A third message that I found significant for the Argentine environment is that any educational system

should take into account the specific environmental conditions in which the reform will take place.

“Context-specific innovation may mean trying things that have not been tried elsewhere” because every

educational district has it particularities and a good educational reform takes into account the needs of the

students in each district, which may differ from one another. In a country that has a strong tendency to

believe the solution to most problems lies abroad, I believe it is important to be conscious of the fact that

what work in one country does not necessarily translate successfully into a different socio-economic

context. Thus, in order to achieve the desired result reforms in other systems should be studied to analyze

what made them successful and how to apply this in your area of interest but you should also focus on the

particular needs and opportunities inherent to the area. To do this it can be important to decentralize

decision making, giving the teachers and principals who know what the children they are working with

daily need best the power to decide how to cater to them.
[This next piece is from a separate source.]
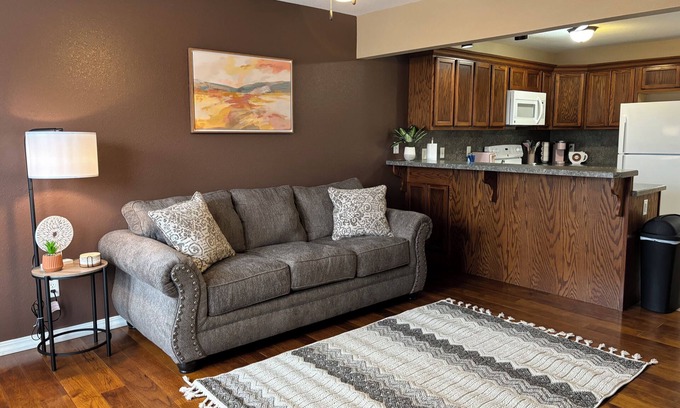 West Plains House | New 2 bedroom home near Downtown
Another message that I found relevant to the Argentine situation is that the system as a whole should be

focused on teaching and learning, making sure students learn their lessons before continuing to more

complex topics and providing “additional inputs, including new technologies, in way that complement

rather than substitute the teachers”. The Argentine Ministry of Education spends most of its budget on

salaries but lags behind when training teachers and ensuring a meritocratic process free from patronages

takes place when hiring. Hence, any reform should be based upon improving the quality of teaching and

giving teachers the tools they need to perform well at their jobs, training them to innovate and find

approaches that work in the context in which they are teaching.

A final message found in the report that I believe would be important for Argentina is the need to “use

the measure of learning, along with the other metrics of delivery, as a gauge of whether the approach is

working”. This implies the creation of a system to measure what works and what doesn’t in order to

determine which parts of the reform should continue and which should be scaled back. In the case of

Argentina, whose government routinely fails to get improvements out of the (notably the introductions of

a one laptop per children program that ended up with the laptops barely been used and in some cases

being sold by their owners to get cash) measuring the return for investment is of paramount importance.
Since increasing financing to business as usual will just lead to more business as usual this is needed to

put money into programs that are succeeding.